Saturday, December 17, 2011

December Reading: on Food

Fed up with Lunch by Sarah Wu. In which a public school speech pathologist undertakes the unenviable task of eating a year's worth of school lunches.

Did you eat school lunch? Both the DH and I went to public schools, and had working parents who were too busy or modest to pack home lunches for us. DH told me the summer lunch he packed when he worked as a yard boy consisted of rice and a can of Vienna sausage!

If my mom had packed my lunch, it would probably have been PBJ, lunch meat and processed "American" cheese or - worst! - "deviled meat" on white or "brown" Loves bread. Anything "meat" in the previous sentence was probably beef and pork "parts" - anything from the tail to the snout, and in-between. And not in a good way, as "snout to tail" means today.

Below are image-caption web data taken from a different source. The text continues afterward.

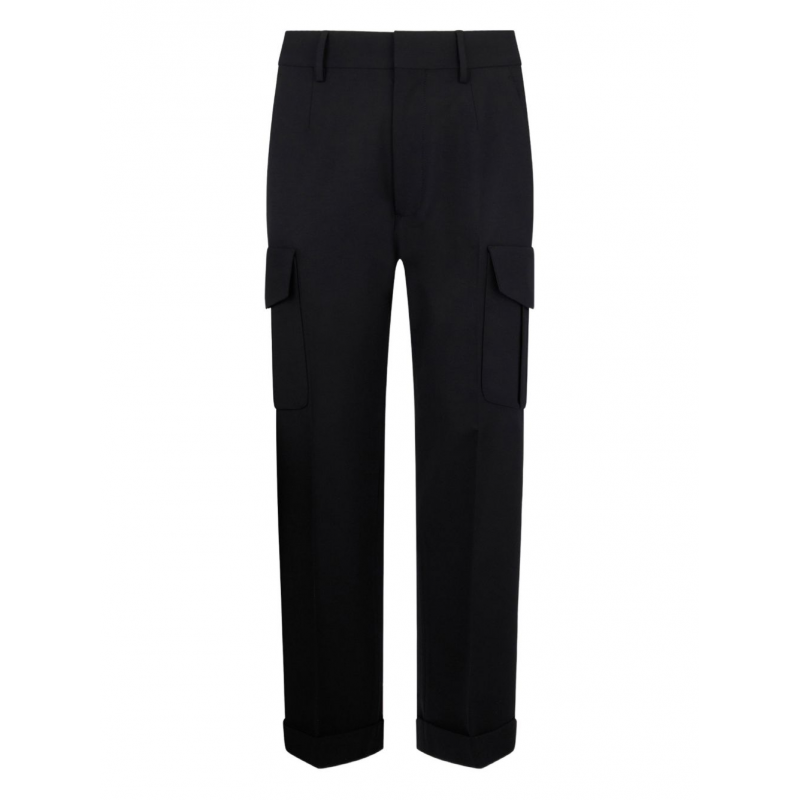 Dsquared2 Schwarze Cargo Hose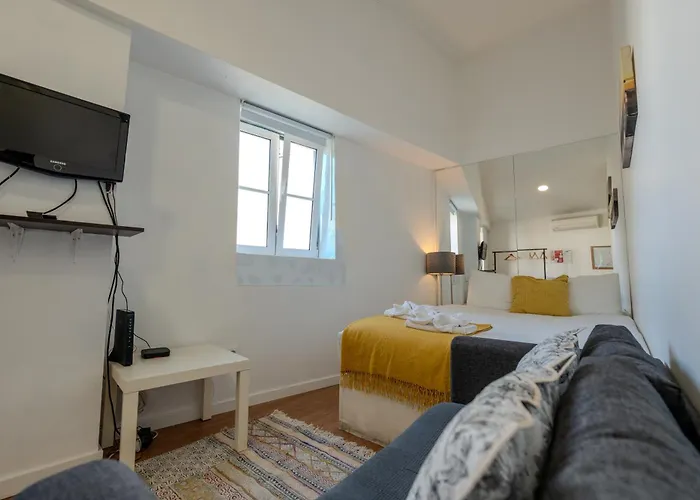 Studio Mouraria, Lisbon Center, Tram & Metro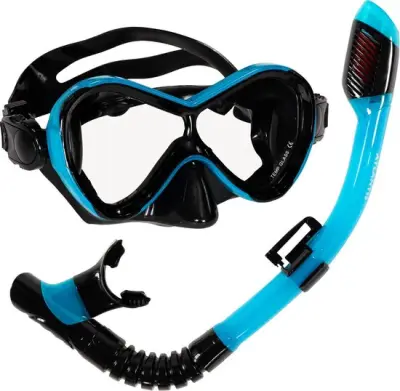 Atlantis Abaco Combo - Snorkelset - Duikbril - Snorkel – kavel bij GSD Auctions, Zoeterwoude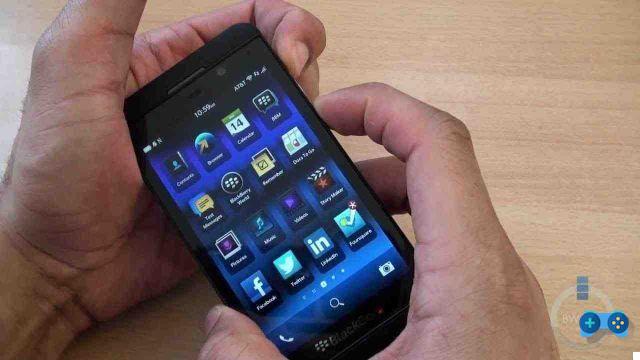 How to take and save the screenshot on BlackBerry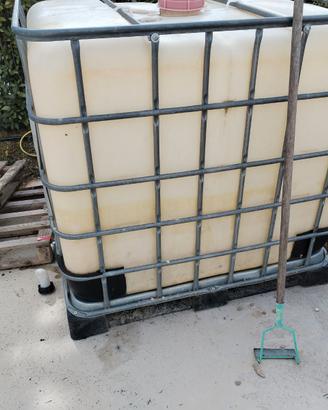 Cisterna 1000 Litri rubinetto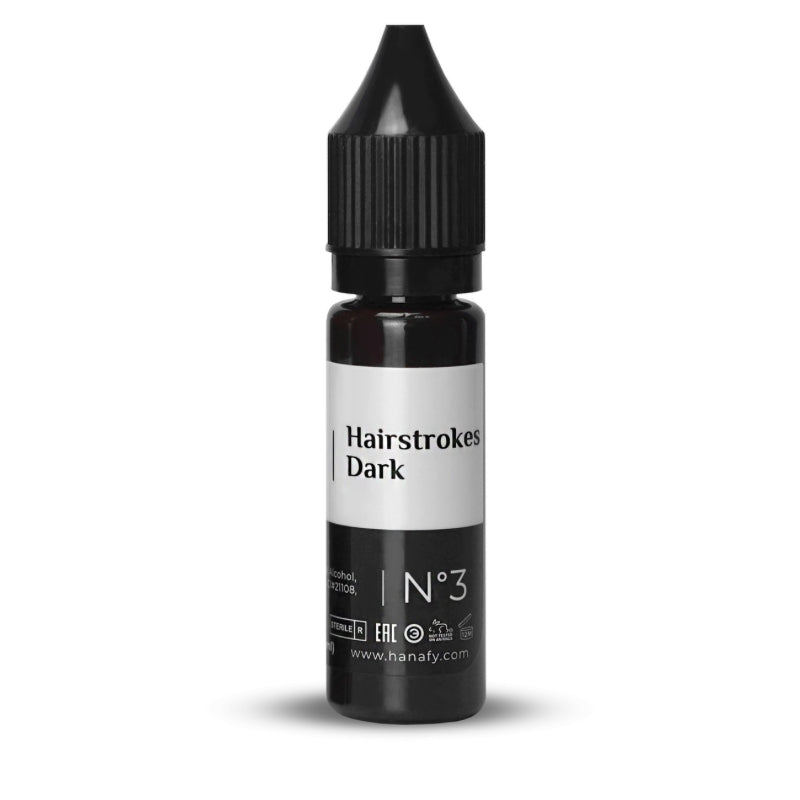 N°3 Dark Hairstrokes - Pigment Hanafy - 15 ml - Non REACH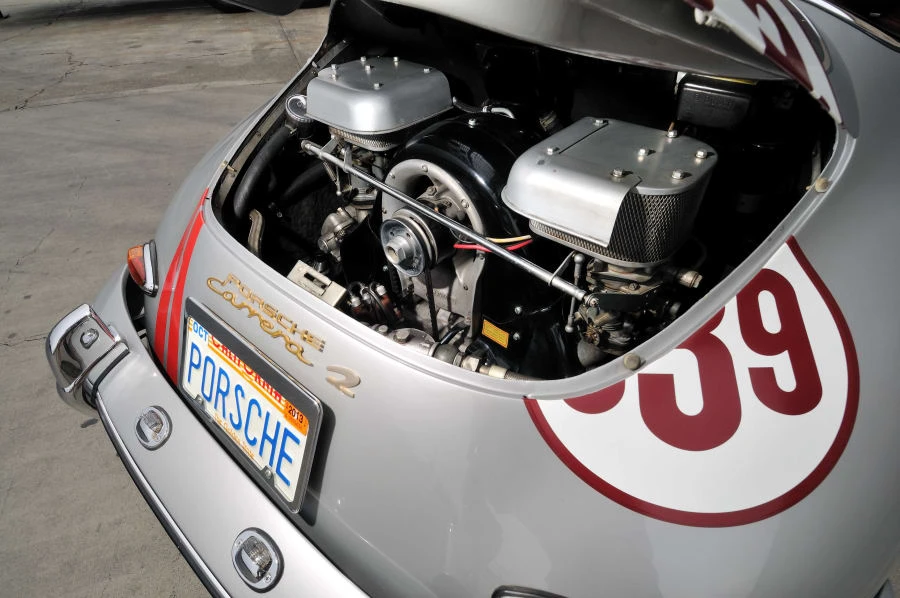 1963 Porsche 356 B - Image 6 of 12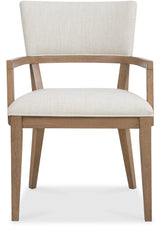 Sonnet Upholstered Dining Chair (Set of 2) - Beige / Light Brown by Hooker Furniture - View 7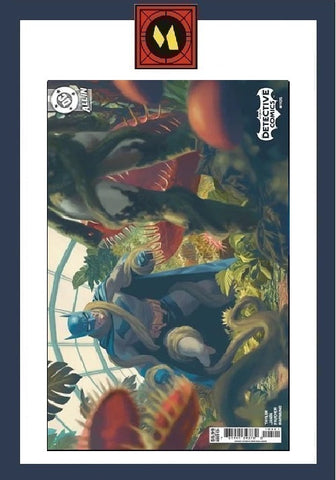 Detective Comics #1105 - DC Comics - 2026 - Greg Smallwood Variant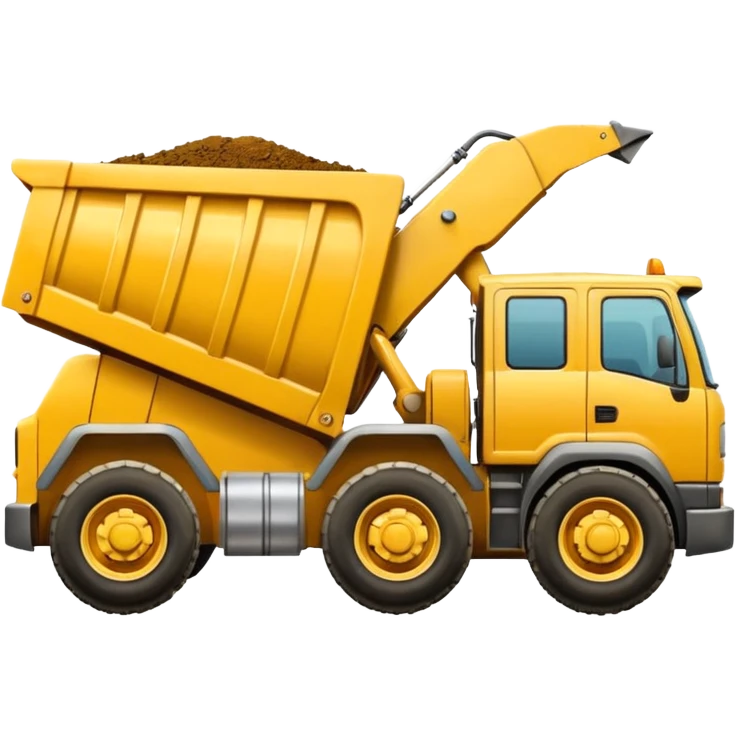 construction truck emoji
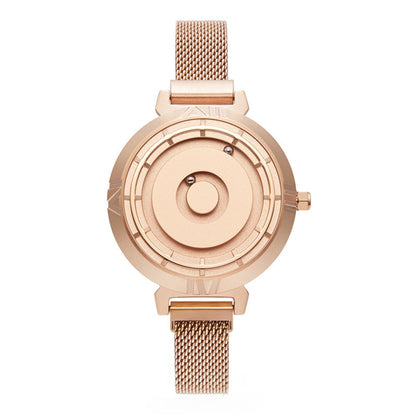 Magnetic Watch™ - unikalus magnetinis laikrodis, sujungiantis meną ir laiką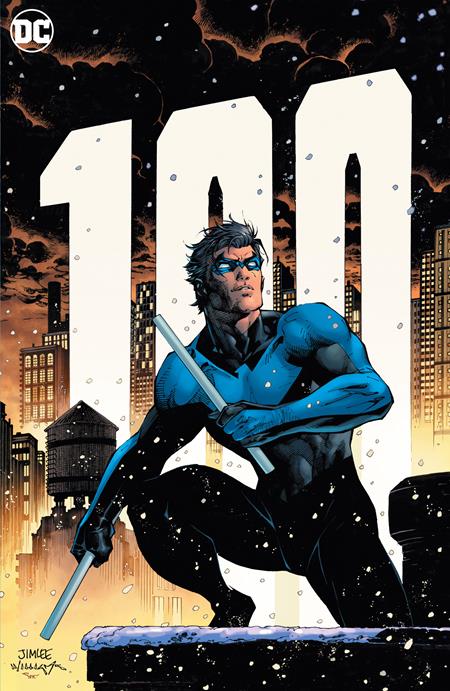 NIGHTWING #100 (JIM LEE VARIANT)(2023) COMIC BOOK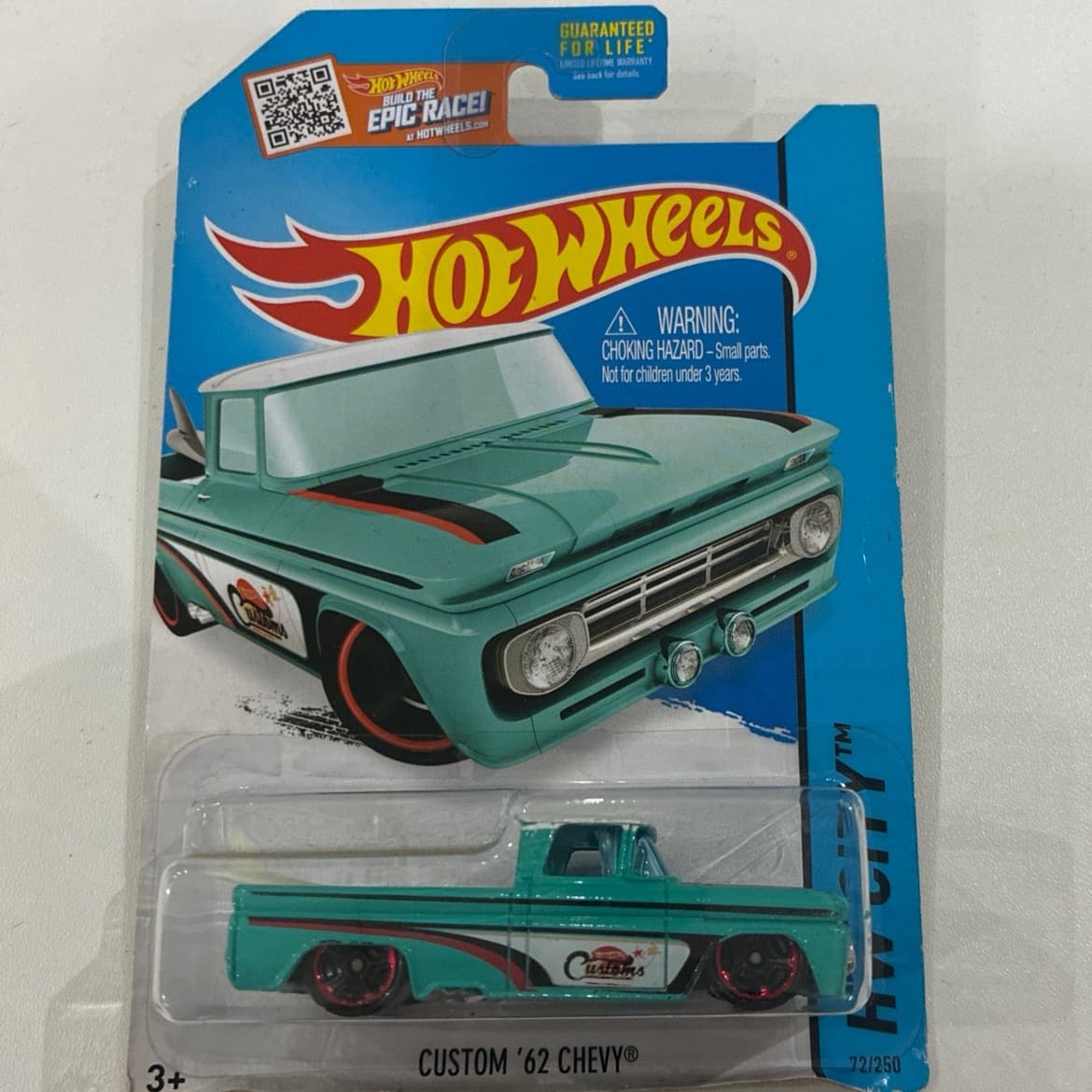 Custom 62 Chevy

When I think back on school lunch in Hawaii, I remember fondly Spanish rice and sloppy joes. I still crave those comfort foods, but rarely make them. I've forgotten the worst of them, but the desserts were fabulous - big almond cookies with a red (probably #40!) dot, squares of shortbread and cream puffs.

I probably only had TWO cream puffs in my whole elementary school career. They were praiseworthy AND unforgettable!

Back to the book: much of the food Sarah Wu ate was preprocessed. A lot of it included chicken "nuggets" and meat patties. Of our own small family - two out of the three of us have always been suspicious of the chicken "parts" - beaks and feet?! - they may consist of. The book suggests only 50% may be chicken something, the rest "filler" - whether wheat, soy or corn.

And the beef may have hormones and antibiotics. When you feed cattle - ruminants designed to graze on grasses but are instead given a diet of cheap and plentiful corn to fill them up, they get sick and are given antibiotics. The author references food source guru Michael Pollan for this.

The author offers ways to increase the nutritional value of lunches, and to introduce fresh ingredients. School lunches have few fresh vegetables - they spoil too easily. But now, even the DH's cafeteria has a salad bar.